For reasonable accommodations, please contact the Center for Accessibility at 202-727-2142 or DCPLaccess@dc.gov. For ASL or tactile interpretation, please allow at least seven (7) days notice.
In WE REFUSE: A Forceful History of Black Resistance historian Kellie Carter Jackson explores the myriad of ways that Black people—particularly Black women—have pursued free and full lives by refusing white dominion over their mind, body, and soul. Carter Jackson rejects the false dichotomy that pits Dr. Martin Luther King Jr.’s principles of nonviolence against Malcolm X’s “by any means necessary” approach, and which discounts the many radical economic, political, and social forms of Black resistance. A national fixation on nonviolence, and dismissal of “Black violence” as illegitimate, is itself a manifestation of white supremacy; it upholds a status quo that advantages white people and ignores the original violence of structural racism.
Ultimately hopeful, WE REFUSE is a love letter to the resiliency of Black people and an invitation to those invested in the work of liberation.
Kellie Carter Jackson is the Michael and Denise Kellen ’68 Associate Professor of Africana Studies at Wellesley College. Her book Force and Freedom was a finalist for the Frederick Douglass Book Prize and the Museum of African American History Stone Book Award.

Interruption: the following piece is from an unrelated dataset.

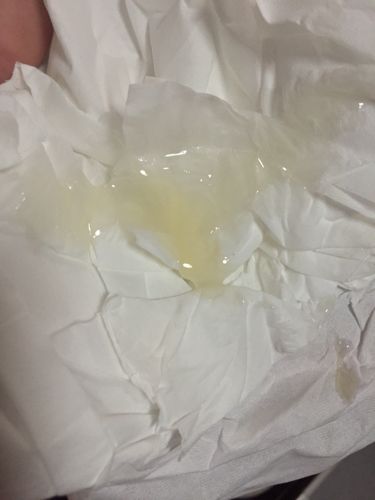 这精液颜色正常吗?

Marcia Chatelain is the Presidential Penn Compact Professor of Africana Studies at the University of Pennsylvania. As a historian and active public speaker, Chatelain has received awards and honors from the Ford Foundation, the American Association of University Women, and the German Marshall Fund of the United States. During her twelve years at Georgetown University, Chatelain won several awards for her teaching and university service. Chatelain has received numerous awards, including the 2021 Pulitzer Prize in History.